(Stored dataset items)
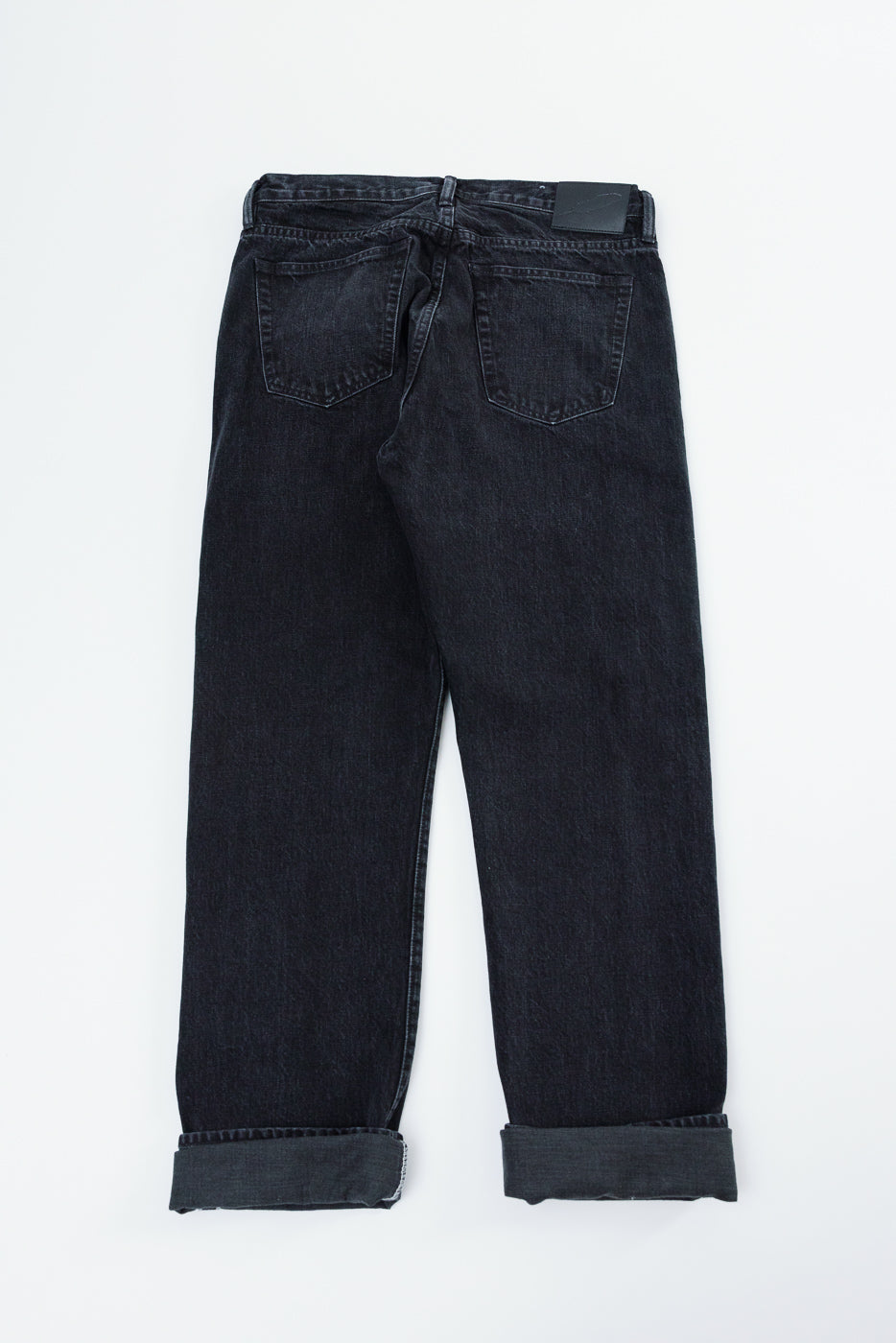 Back view flat lay of dark selvedge denim jeans with cuffed hems, rear pockets, and leather patch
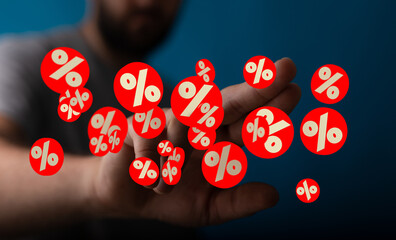 Image of a person holding multiple percentage symbols, ideal for sale, discount, and promotion...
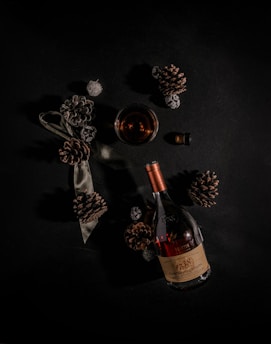 A rustic scene featuring a classic brandy decanter with rich brown hues.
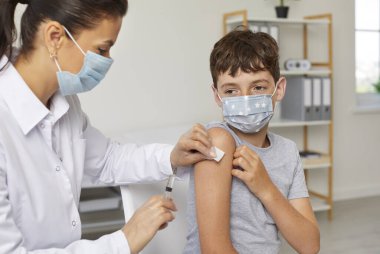 Doktor kadın, klinikte omuz omuza genç bir çocuğa grip aşısı yapıyor. Sağlık, aşı, bağışıklık konsepti. Hemşire ve hasta koruyucu tıbbi maskeler takıyor..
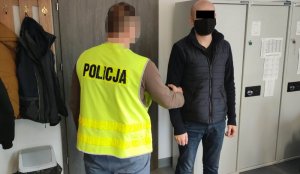 Na zdjęciu widoczny jest zatrzymany mężczyzna, który stoi w pokoju przy nieumundurowanym policjancie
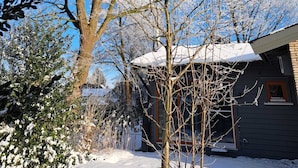 A house with a snow-covered roof and a large tree in front.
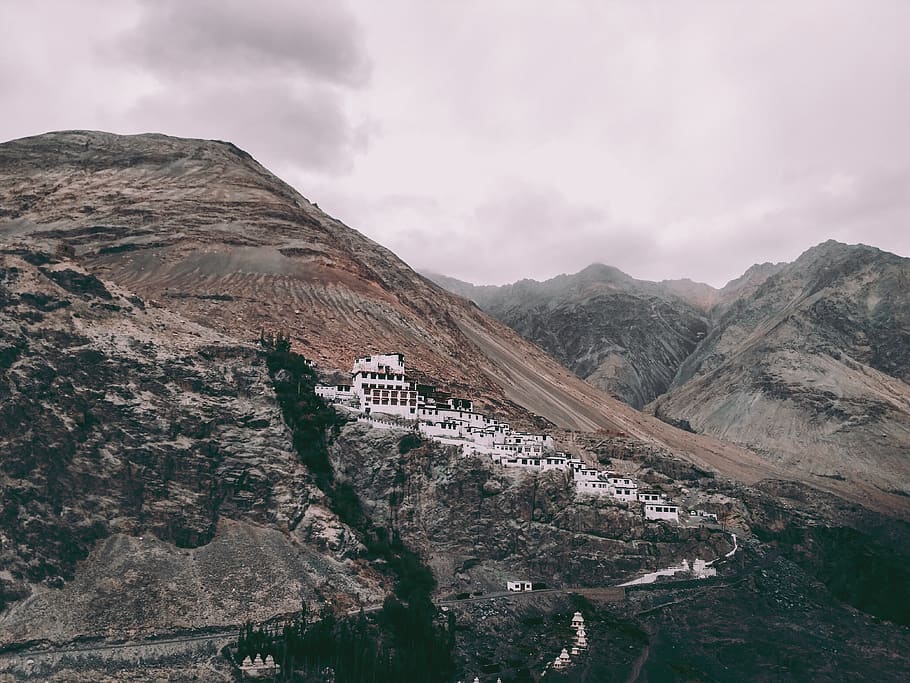 White Concrete Buildings on Rock Mountain Under Gray Sky, architecture HD wallpaper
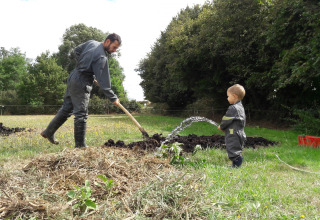 Een man en een kind in werkkledij en laarzen werken samen in de tuin, omringd door gras en bomen.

• What the task asks
Write out word for word every line from the line with "Image of a person" through the final line of the records, both included, skipping the pictures.

• Written answer
 Image of a person holding multiple percentage symbols, ideal for sale, discount, and promotion...
 A rustic scene featuring a classic brandy decanter with rich brown hues.
 Doktor kadın, klinikte omuz omuza genç bir çocuğa grip aşısı yapıyor. Sağlık, aşı, bağışıklık konsepti. Hemşire ve hasta koruyucu tıbbi maskeler takıyor..
 Na zdjęciu widoczny jest zatrzymany mężczyzna, który stoi w pokoju przy nieumundurowanym policjancie
 A house with a snow-covered roof and a large tree in front.
 White Concrete Buildings on Rock Mountain Under Gray Sky, architecture HD wallpaper
 Een man en een kind in werkkledij en laarzen werken samen in de tuin, omringd door gras en bomen.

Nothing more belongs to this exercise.